* Work to complete
Starting at the line with "Wholesale Cute Resin", retype every remaining line of the records exactly. Do not include pictures.

* Records for this task
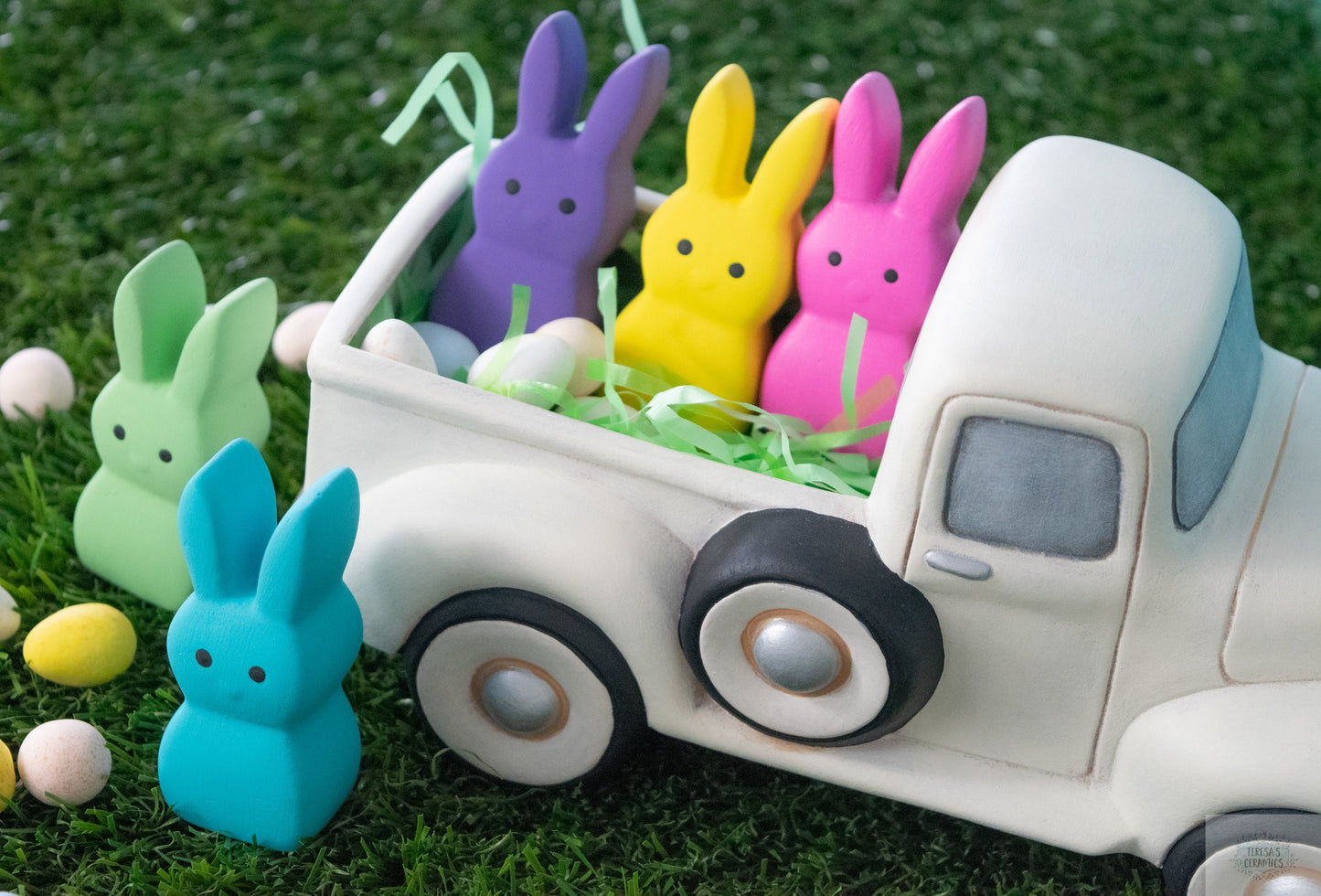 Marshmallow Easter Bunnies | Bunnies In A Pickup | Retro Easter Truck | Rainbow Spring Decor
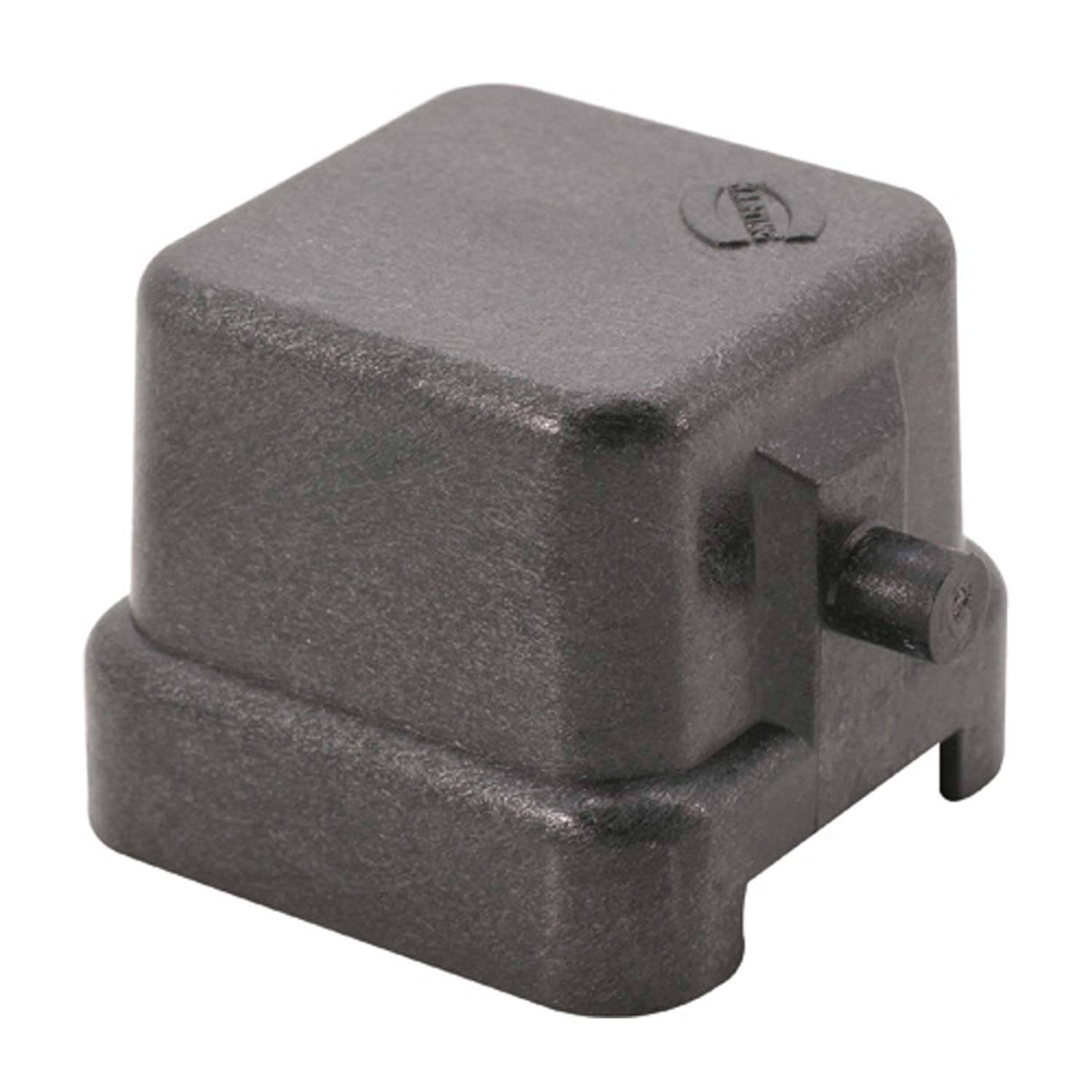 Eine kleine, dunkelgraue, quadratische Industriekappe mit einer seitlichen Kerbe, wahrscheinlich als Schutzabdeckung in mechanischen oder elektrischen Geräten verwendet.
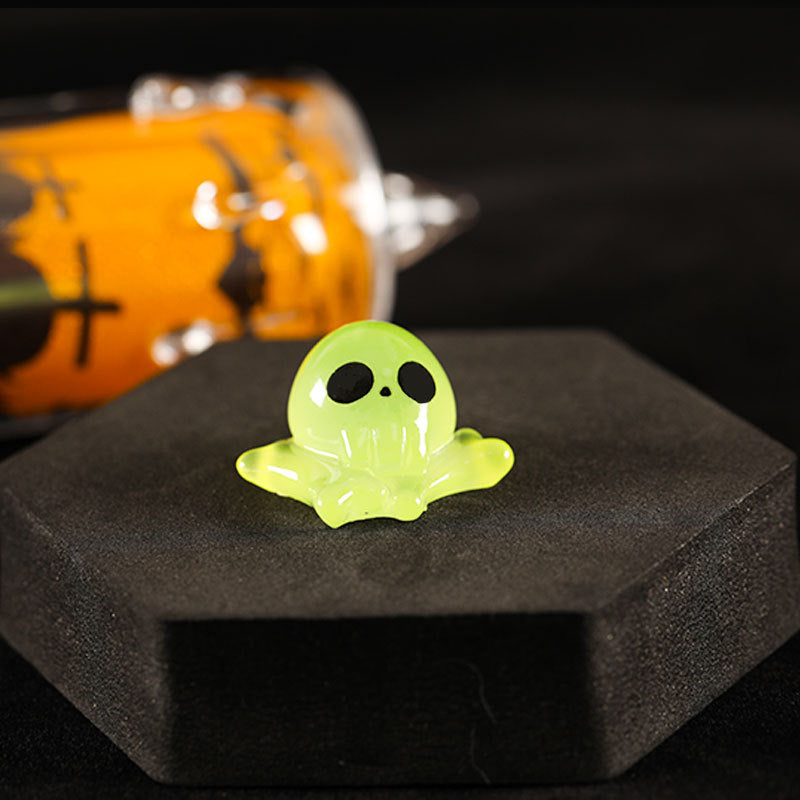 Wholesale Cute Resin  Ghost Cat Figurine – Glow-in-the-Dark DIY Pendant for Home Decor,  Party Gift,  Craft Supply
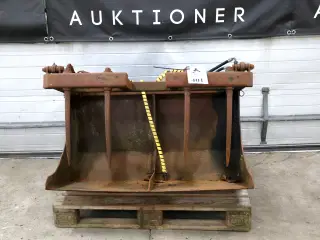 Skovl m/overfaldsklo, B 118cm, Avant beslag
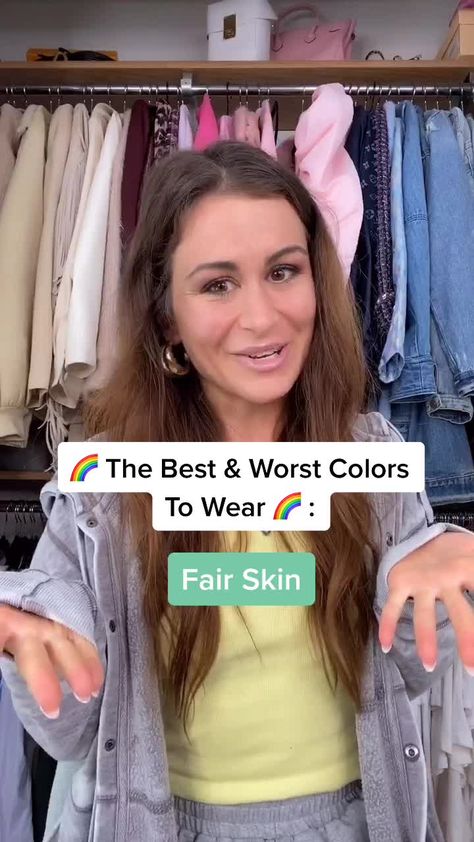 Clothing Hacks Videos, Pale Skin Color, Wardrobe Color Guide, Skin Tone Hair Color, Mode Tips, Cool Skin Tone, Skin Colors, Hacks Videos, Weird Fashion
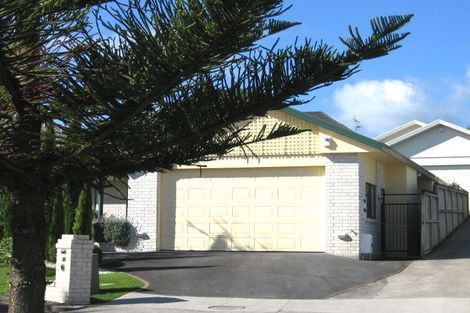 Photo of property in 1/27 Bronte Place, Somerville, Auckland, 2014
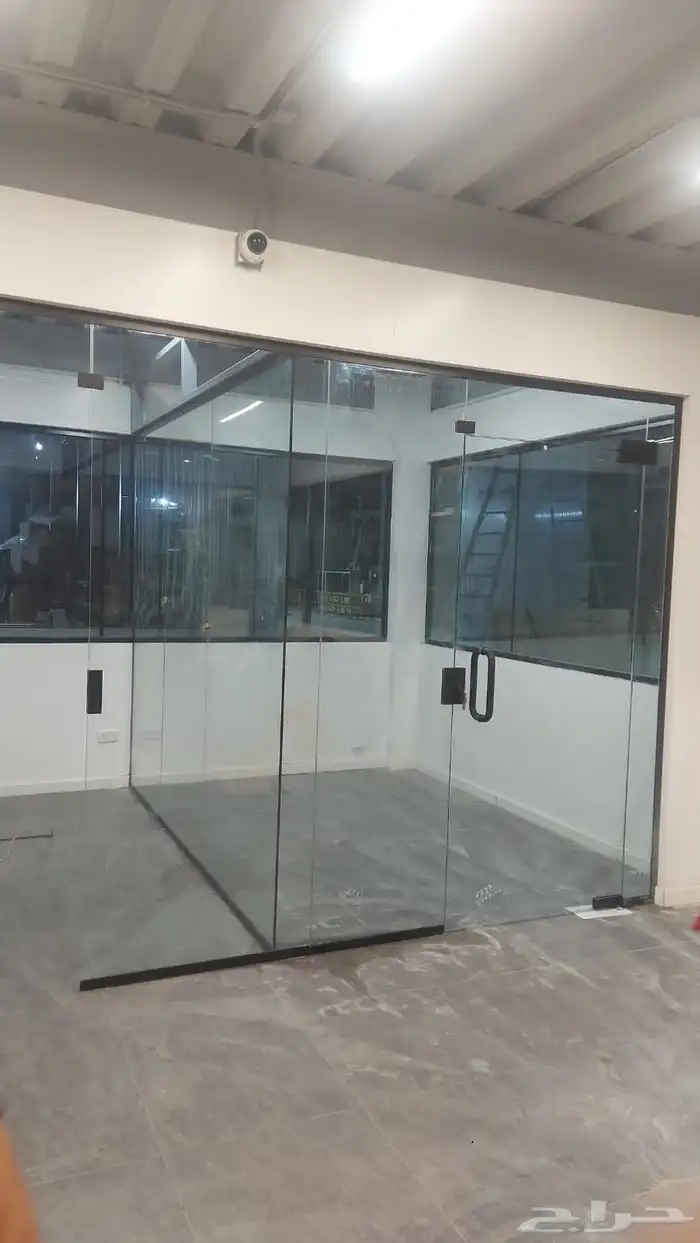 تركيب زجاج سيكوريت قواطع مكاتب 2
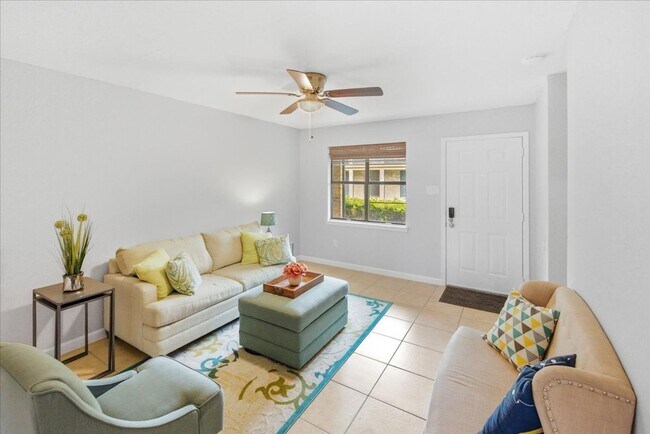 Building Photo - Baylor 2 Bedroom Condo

* The answer
 Wholesale Cute Resin  Ghost Cat Figurine – Glow-in-the-Dark DIY Pendant for Home Decor,  Party Gift,  Craft Supply
 Skovl m/overfaldsklo, B 118cm, Avant beslag
 Clothing Hacks Videos, Pale Skin Color, Wardrobe Color Guide, Skin Tone Hair Color, Mode Tips, Cool Skin Tone, Skin Colors, Hacks Videos, Weird Fashion
 Photo of property in 1/27 Bronte Place, Somerville, Auckland, 2014
 تركيب زجاج سيكوريت قواطع مكاتب 2
 Building Photo - Baylor 2 Bedroom Condo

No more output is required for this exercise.